Eu não podia dizer a verdade para Luke. Nem na frente de Selena. Não podia dizer que meu coração acelerou quando vi o rosto de Justin e que perdi o controle do skate.

–Cãibra. – Menti.

Selena remexeu-se na cadeira.

–É melhor deixarmos Gabriella descansar. – Ela disse, levantando.

Lindsay assentiu.

–Volto depois, Gaby, — Prometeu ela.

Luke beijou minha bochecha e levantou da cama.

–Se cuida.

Justin era o único que continuava sentado.

–Vem, Jus! – Selena o chamou.

–Eu vou depois.

–Vamos almoçar juntos, lembra? Já reservamos a mesa.

Ele abanou a mão, impaciente.

–Deixa pra outro dia.

Ela se aproximou dele e tascou-lhe um beijo. Desviei o olhar, procurando focar-me em qualquer outra coisa e o que o meu olhar encontrou foi... Luke. Ele tentou sorrir, mas acabou fazendo uma careta.

Selena e Lindsay saíram primeiro. Para minha surpresa, Selena parecia estar convidando Lind para um almoço. Luke olhou para Justin, depois para mim. Saiu sem dizer nada.

Fitei a porta por um bom tempo antes de virar para Justin. Ele tinha penteado o cabelo em topete, o que o deixava ainda mais fofo.

–Fiquei sabendo que Luke dormiu no seu quarto ontem. – Justin foi tão direto que chegou a me assustar.

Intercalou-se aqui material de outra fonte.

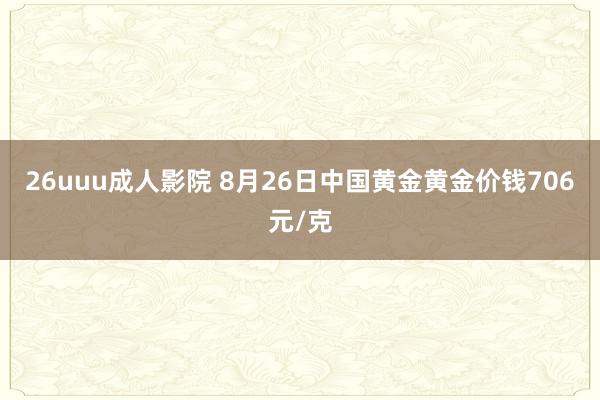 26uuu成人影院 8月26日中国黄金黄金价钱706元/克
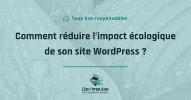 comment réduire l’impact écologique de son site wordpress
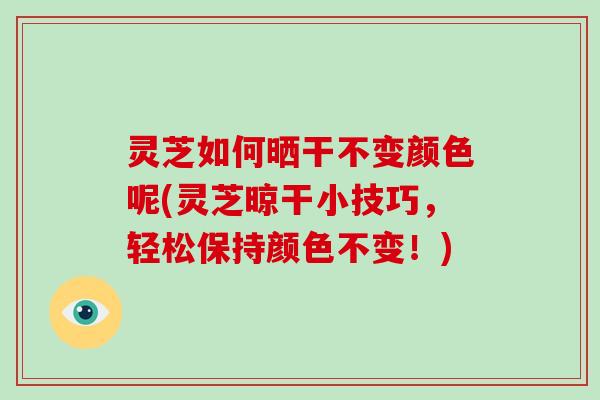 灵芝如何晒干不变颜色呢(灵芝晾干小技巧，轻松保持颜色不变！)
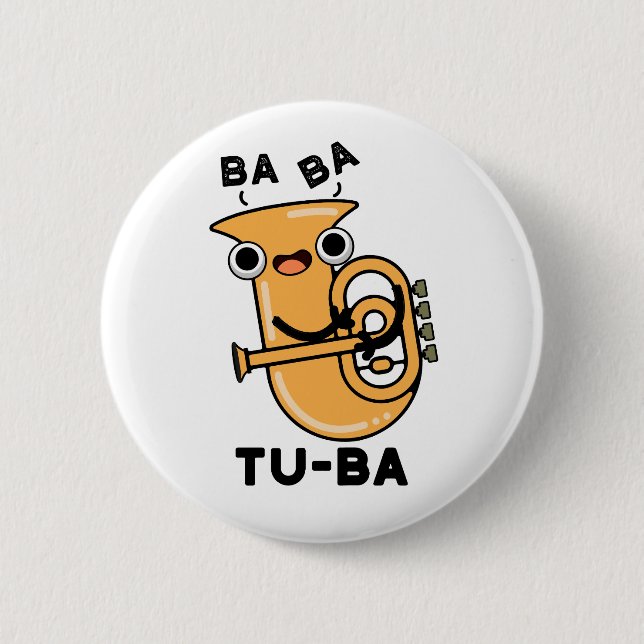 Tu-ba Funny Tuba Puns Button (Vorderseite)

Tentei organizar as palavras na minha cebça, de modo a não deixar que Justin tivesse uma impressão errada. Depois de organizá-las, as ignorei totalmente.

–Ah, sim.

Ele fixou o olhar para os meus pés descalços.

–Vocês estão namorando?

–Não.

Ele riu, não sei de quê.

–Você não é do tipo de garota que fica com o cara só uma noite e...

–Não houve nada, Justin.

Então ele olhou em meus olhos tempo suficiente para eu ter que desviar o olhar.

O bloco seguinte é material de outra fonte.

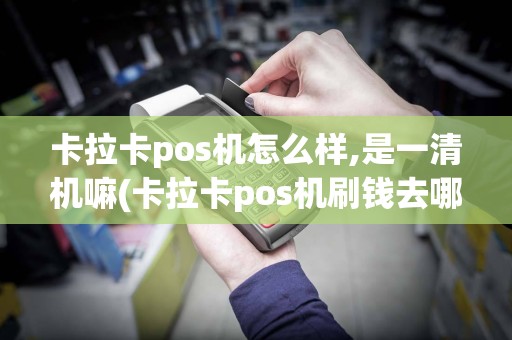 卡拉卡pos机怎么样,是一清机嘛(卡拉卡pos机刷钱去哪里)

–Como estão as coisas? Digo, você e Selena.

–Firmes. Estamos muito bem.

Revirei os olhos involuntariamente.

–O que você estava fazendo na pista de skate?

–Você disse que nos veríamos por aí e... E isso não aconteceu. Então fui atrás de você.

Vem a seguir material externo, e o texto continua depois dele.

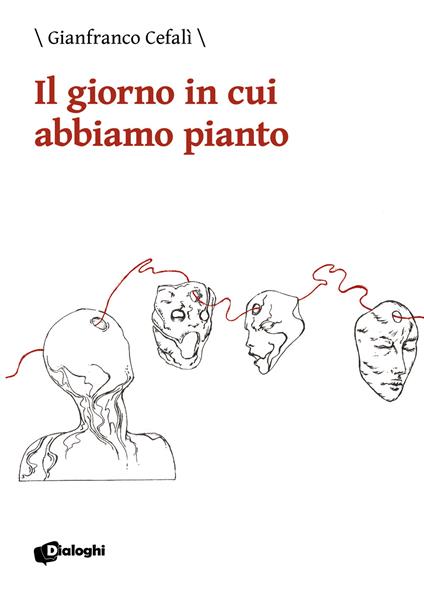 Il giorno in cui abbiamo pianto - Gianfranco Cefalì - copertina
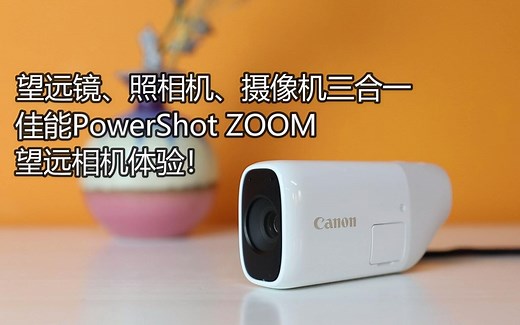 望远镜、照相机、摄像机三合一，佳能PowerShot ZOOM望远相机体验！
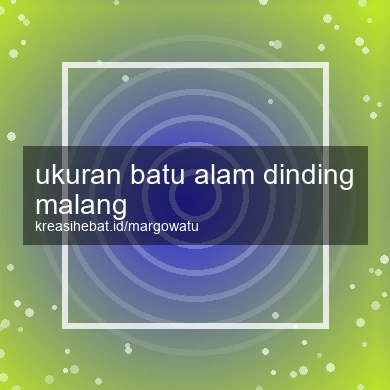 Ukuran Batu Alam Dinding Malang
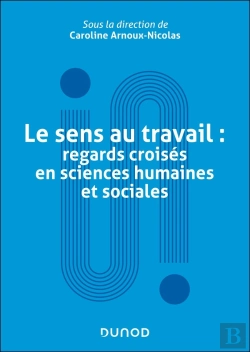 Bertrand.pt - Le Sens Au Travail : Regards Croisés En Sciences Humaines Et Sociales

–E o que tem para me falar de tão importante?

Ele suspirou.

–Não aguento mais! Mesmo que eu esteja com Selena e você... Com Luke e Caleb, sei lá... Mesmo assim, Gabriella, não consigo mais ficar longe de você. Ontem, eu estava te procurando pelo hotel e, meio que esbarrei em você de propósito. Eu sinto sua falta. Não poderíamos ser amigos?

Assenti, mesmo que aquela ideia parecesse absurda. Eu ouvia cada palavra do discurso de Justin com empolgação, até aquela pergunta.

–Eu vou voltar para Atlanta, assim que os aeroportos voltarem a funcionar. – Não sei por que, eu tinha que contar isso para ele.

Ele levantou e passou a mão nos cabelos, despenteando tudo.

–Não pode esperar mais um pouco?

–Esperar pra quê, Justin? Para que possamos jantar juntos, evitando contato físico e repetindo sempre “somos só amigos”? Para que eu, você e Selena possamos sair juntos e fingir que está tudo bem? Não está tudo bem. Eu deixei tudo para lhe acompanhar nessa viagem e aqui estamos nós, apenas amigos mais uma vez.

Ele ficou em silêncio pelo que pareceu uma eternidade.

–Eu sei que as coisas não saíram como o planejado, mas...

–Deu tudo errado, Justin!

Ele chutou a cadeira, que deslizou até bater na parede.

–Você se arrepende de ter vindo para cá comigo?

Suspirei.

–Sim.

Ele pegou a cadeira e colocou no lugar onde estava antes do chute. Andou até a porta e a abriu, mas antes virou para mim.

–Boa viagem.

Então Justin foi embora.


Notas finais
Eu sei que todos devem estar bravos com minha demora, menos a Luiza que tá no Canadá, mas aqui está mais um cap!